• **Problem statement**
Exclude the pictures and retype the entries as written.
---
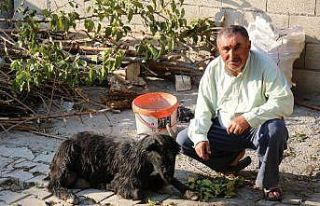 Bataklıktan kurtarılan adam korku dolu anları anlattı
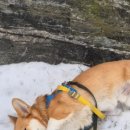 땡큐동물병원 이미지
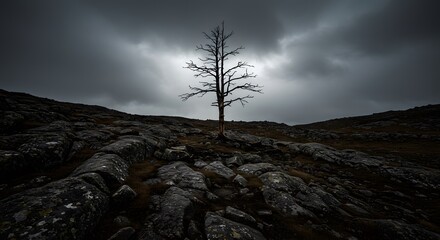 Solitary Bare Tree Standing on Rocky Hill Under Dark Cloudy Sky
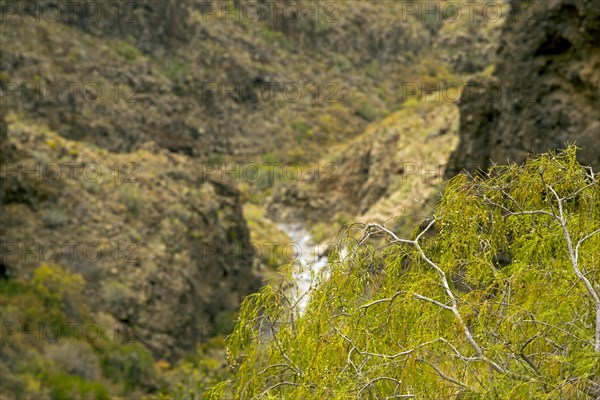 Barranco del Infierno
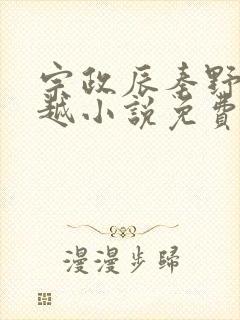 宗政辰秦野的穿越小说免费阅读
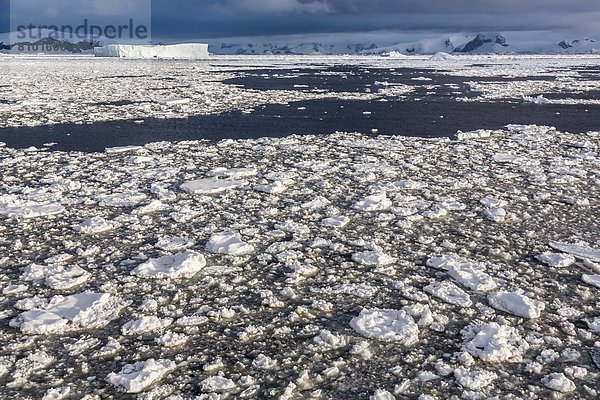 nahe  Meer  Eis  Insel  Seitenansicht  Antarktis  Halbinsel  Jahr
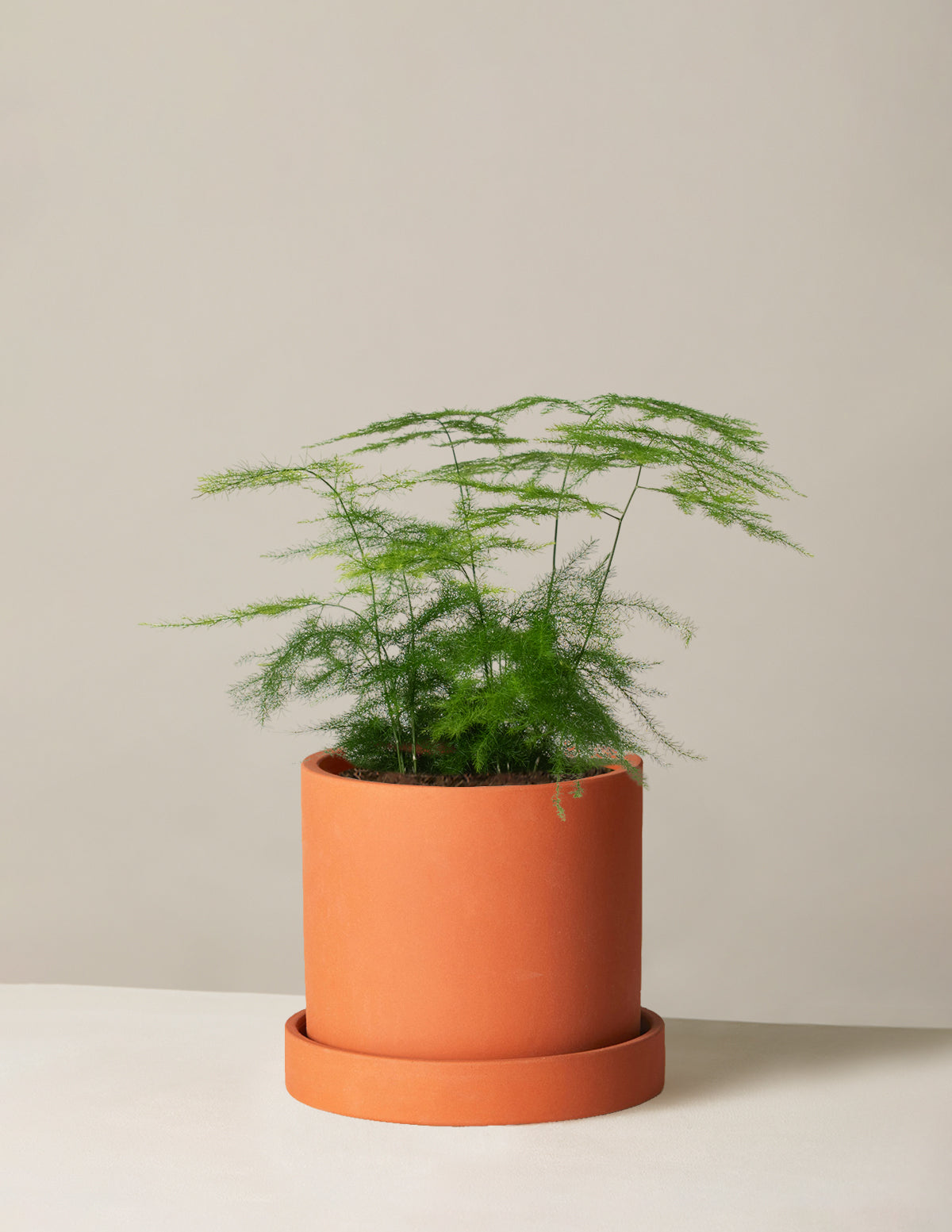  Plumosa Fern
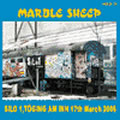 MARBLE SHEEP / マーブルシープ / 2006.Mar.17th SILO 1 TOGING AM INN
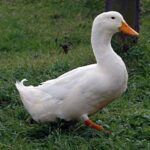 Pekin duck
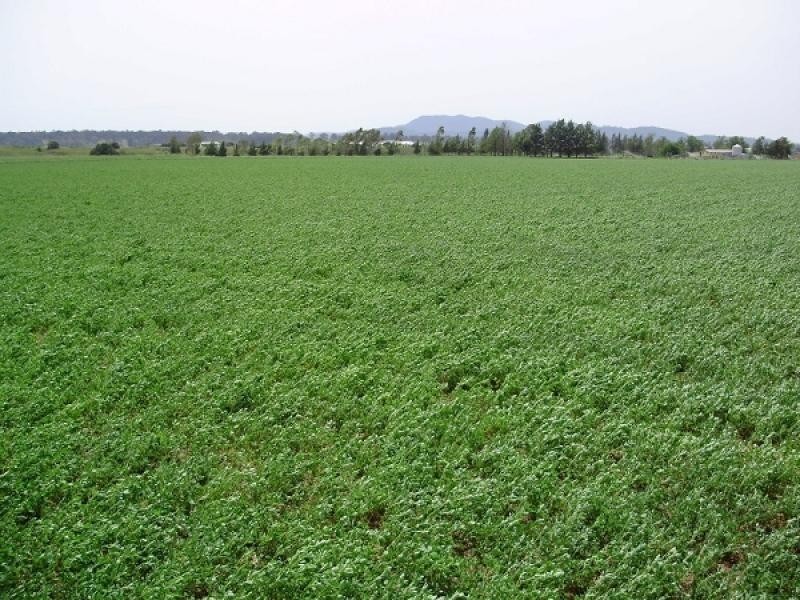 Lower Belford NSW 2335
---
• **Response to the exercise**
 Bataklıktan kurtarılan adam korku dolu anları anlattı
 땡큐동물병원 이미지
 Solitary Bare Tree Standing on Rocky Hill Under Dark Cloudy Sky
 Barranco del Infierno
 宗政辰秦野的穿越小说免费阅读
 nahe  Meer  Eis  Insel  Seitenansicht  Antarktis  Halbinsel  Jahr
  Plumosa Fern
 MARBLE SHEEP / マーブルシープ / 2006.Mar.17th SILO 1 TOGING AM INN
 Pekin duck
 Lower Belford NSW 2335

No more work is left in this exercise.